In the spring semester of 2016, a new class was offered to students: Introduction to Personal Finance.
The class has returned this semester with 47 students enrolled.
The one-hour class counts as an upper division elective that’s instructed as pass or no credit course open to students of all majors.
Ramona Locke, the Introduction to Personal Finance professor, said she tries to keep the topics relevant to what seniors will need to know as they go into the real world.
“We discuss basics but keep it current. I didn’t want the students to have to buy another expensive book so we use current articles pertinent to each topic,” Locke said.
The majority of students enrolled in the class this semester are juniors and seniors from all majors.
Lauren Tooman, a senior biology major on the pre-med track, is currently enrolled in the class.
Tooman said she first heard about the class from a friend, who took the class during the previous semester, “she said the environment was very welcoming and classroom discussions were encouraged.”
Tooman was interested in the class because she thought it would give her insight on taking care of her finances as soon as she graduates.
“Since I’m a biology major, I haven’t taken any finance classes and don’t know much about how to handle money,” said Tooman. “So, I thought this was a great way to get my feet wet.

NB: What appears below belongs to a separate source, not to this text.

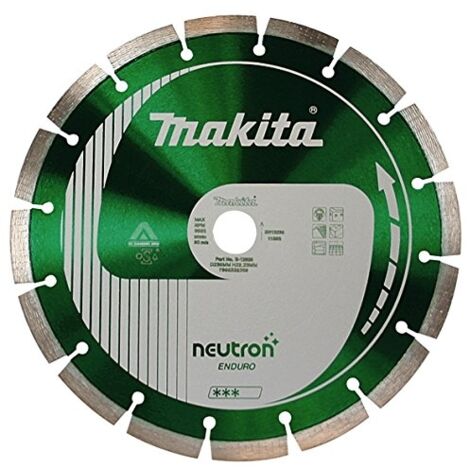 Makita B-12930 Disque Diamanté 230 mm Standard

I also like that we cover many broad topics, including budgeting, saving for a house or car and investing throughout the semester.”
The first semester of the class was a success, growing from 30 students to 47.
“We had to find a larger room to accommodate the 50-plus percent increase in the students who wanted to register,” Locke said. “Originally, the class had a size limit, but I wanted everyone who was interested in taking the class to have an opportunity to do so.”
The growing popularity of the class has led to an expansion for the upcoming semesters.
There will be two class sections offered in the fall of 2017 and three sections in the spring of 2018.
“I think the course is popular because the students have stated that they aren’t getting this basic knowledge anywhere else in the curriculum…even the Neeley students,” Locke said.
According to a recent survey by U.S. Bank, 65 percent of students gave themselves a C, D or F when considering whether they can successfully manage their finances and money.
TCU is not alone. Universities across the country have added personal finance classes to their curriculum within the decade.
Oberlin College, University of California Berkley, Washington University of St. Louis and University of Michigan Ann Arbor all offer personal finance courses that cover a wide range of money management topics.
Tooman said it would be very beneficial if the class became a requirement to graduate.
“I already have learned so much and feel ready to handle my expenses once I have my first full-time job. I think other students would gain a lot of knowledge as well,” said Tooman.
While there is no future plan to make the new class part of the TCU core requirements, Locke said that if she could, she would make sure that every graduating senior had this fundamental knowledge before receiving their diploma.
“No matter what you studied in college, we all need to know the important foundational principles of managing your financial life in a responsible manner,” Locke said.